RECORDS TO PROCESS>
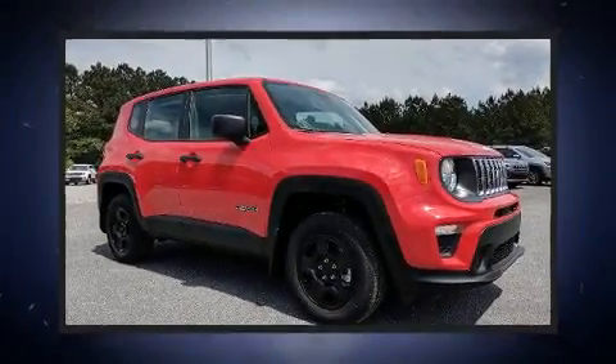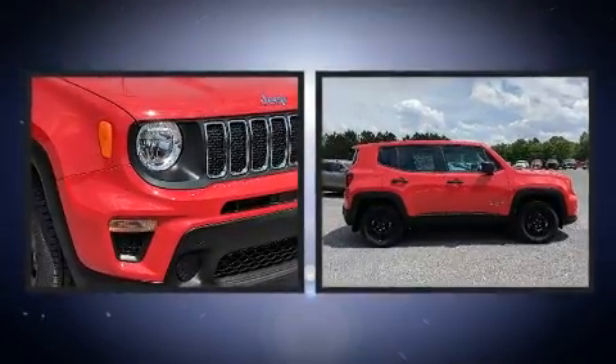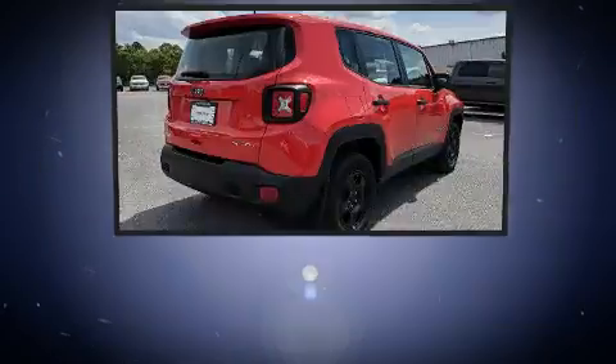Take command of the road in the 2019 Jeep Renegade. It features four-wheel drive capabilities, a durable automatic transmission, and a 2.4-liter four-cylinder engine.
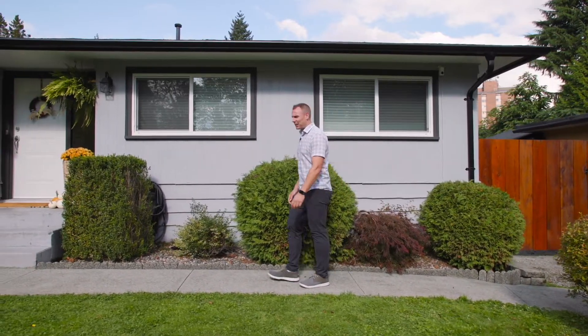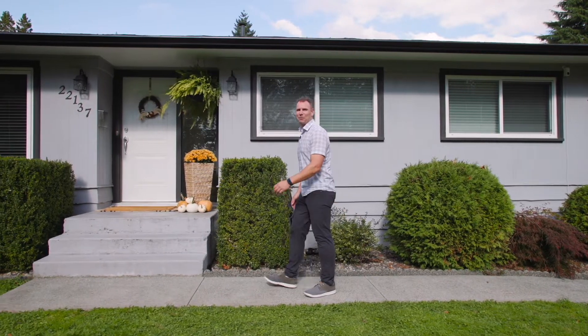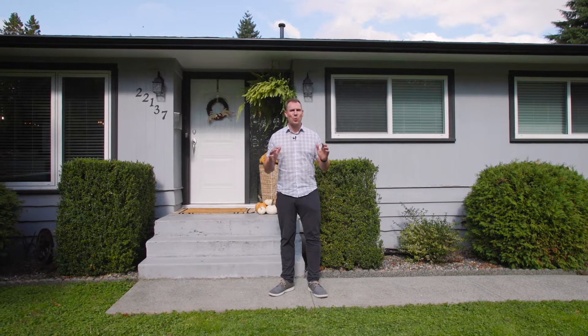If you're looking for a turnkey home with a ton of upgrades, boy have I got something special for you. I'm Ollie Neitzel and I can't wait to show you my new rancher listing in West Central Maple Ridge.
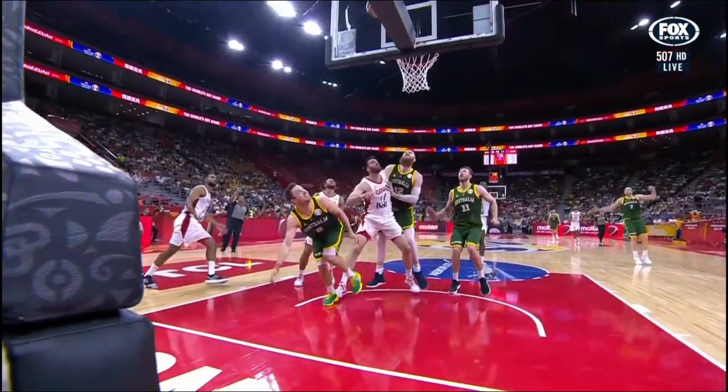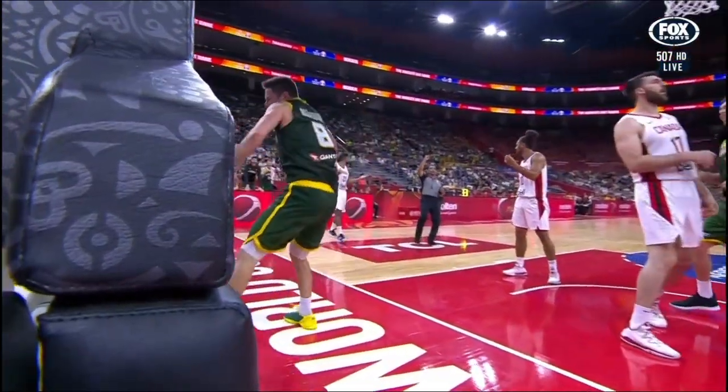And anyone who has followed Dellavedova during his national team career and NBA career knows what he's capable of.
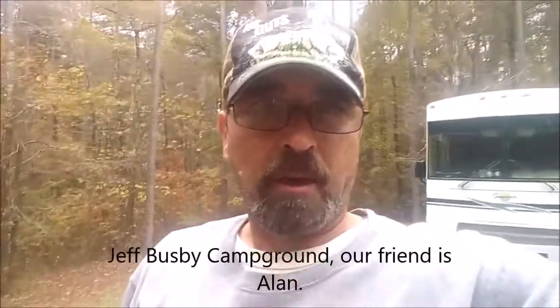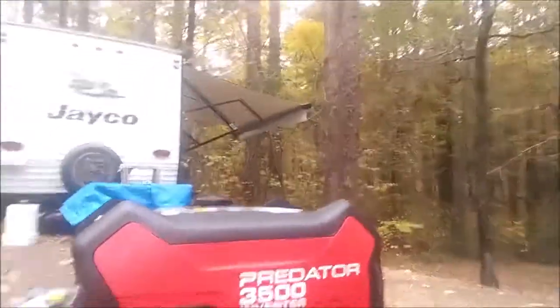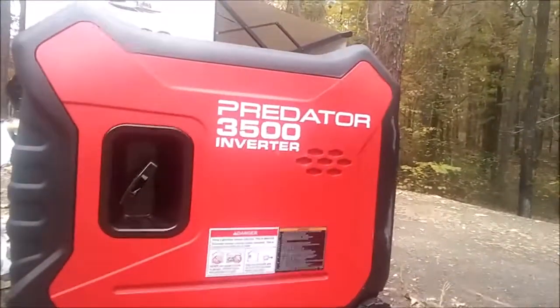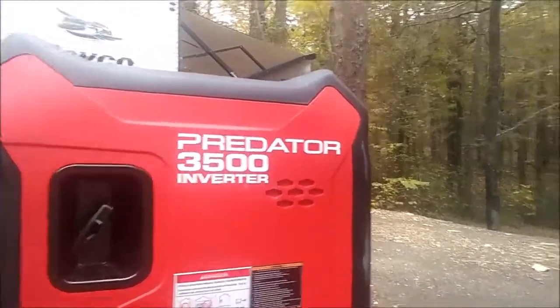Today I'd like to talk about two different generators: our own Onan 4,000 Super Quiet that came with the camper, and a generator that our friend here at the park, Jeff Busby, has graciously allowed us to plug into. It is the Predator 3500 watt inverter generator — it comes from Harbor Freight, and that generator has been wonderful.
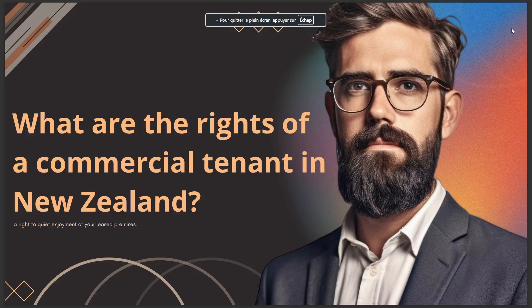Hello guys, in today's video we're going to talk about what are the rights of commercial tenants in New Zealand — specifically their right to quiet enjoyment of your leased premises.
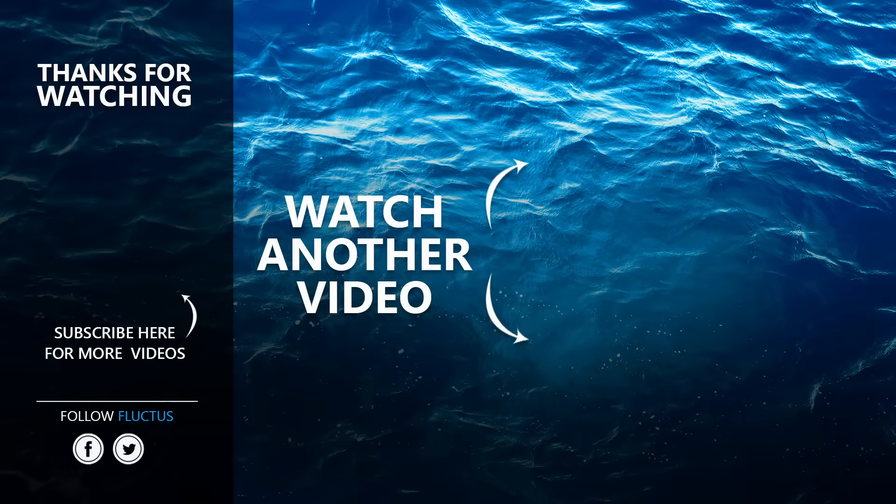That's the end of this video. I hope you enjoyed it. Make sure to subscribe to this channel so you don't miss any of our new content. See you next time.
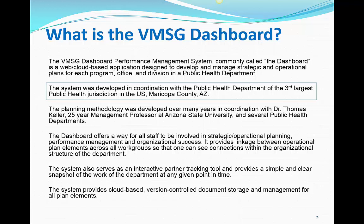Maricopa County, along with other Dashboard clients, provides continuous feedback and suggestions for the improvement of the system. These upgrades are implemented for all Dashboard clients on an ongoing basis. We'll discuss some of these recent improvements during this presentation.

INSTRUCTIONS FOR THE TASK>
Of the records above, print only the lines from the one containing "Today I'd like" through the one containing "That's the end", inclusive and unaltered, leaving out pictures.

RESPONSE TO THIS EXERCISE>
Today I'd like to talk about two different generators: our own Onan 4,000 Super Quiet that came with the camper, and a generator that our friend here at the park, Jeff Busby, has graciously allowed us to plug into. It is the Predator 3500 watt inverter generator — it comes from Harbor Freight, and that generator has been wonderful.
Hello guys, in today's video we're going to talk about what are the rights of commercial tenants in New Zealand — specifically their right to quiet enjoyment of your leased premises.
That's the end of this video. I hope you enjoyed it. Make sure to subscribe to this channel so you don't miss any of our new content. See you next time.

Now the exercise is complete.